Food For Thought

Informed consumers make healthier choices eating in or dining out.

Understanding the nutritional content of food is important, says Lauren Mitchell, a senior in dietetics. She summarized current research as part of her “Fast Food Findings” presentation in a food science and human nutrition communications class.

Mitchell found that about half of fast food restaurants provide customers with nutritional information, but not on the menu. She found that customers don’t look at the nutritional information if it’s not on the menu.

In fact, the studies she reviewed showed that only six people out of 4,311 actually read the information posted on walls or the counter before ordering. Her solution—post the calorie content beside each menu item.

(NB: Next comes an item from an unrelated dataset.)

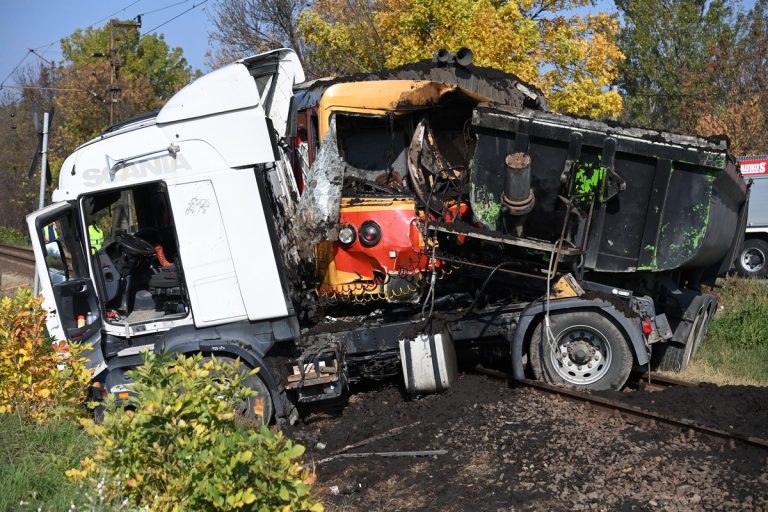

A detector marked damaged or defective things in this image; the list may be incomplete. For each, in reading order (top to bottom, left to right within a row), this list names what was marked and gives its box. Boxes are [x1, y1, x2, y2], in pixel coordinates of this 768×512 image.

wrecked white truck cab [27, 49, 748, 424]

“I think people will still eat out even if the calories are posted, but they may choose smaller serving sizes,” Mitchell says.

The articles she reviewed indicated that most families choose fast food because it’s convenient, inexpensive and they like the taste of the food. She also found that 25 percent of Americans eat out every day and spent 49 percent of their food budget outside the home in 2006.

The key to eating nutritional meals, Mitchell says, is planning. If you do eat out, she suggests choosing healthier options, smaller portions and reading the nutritional information. Although she eats fast food on occasion, she prefers to cook her meals. She believes there’s a general misconception in today’s culture that it’s difficult to cook.

“If you can read a recipe, you can cook,” Mitchell says.

She attributes her love for food to her large family and nine years of cooking and exhibiting food projects through 4-H. She’s also a proponent of taking time to eat three meals a day.

“Eating is more than nourishing your body,” Mitchell says. “When people talk about their favorite memories, most of those are tied to food.”

Since she transferred from Iowa Central Community College she’s visited a Meredith test kitchen and volunteered at the Food and Wine Expo in Des Moines. She also became one of the first peer mentors in the food science and human nutrition department’s transfer student learning community.

This year, Mitchell is excited to work as a teaching assistant for the Pasta Pasta Cooking Workshop. She’s also been involved in Collegiate 4-H, the Student Dietetic Association and the culinary science club.

Mitchell says she’s undecided about her plans after she completes her internship next year. She has an interest in serving as a community-based dietician, which means she would be working to change eating behaviors at the community level or helping people understand the nutritional information on labels and in restaurants.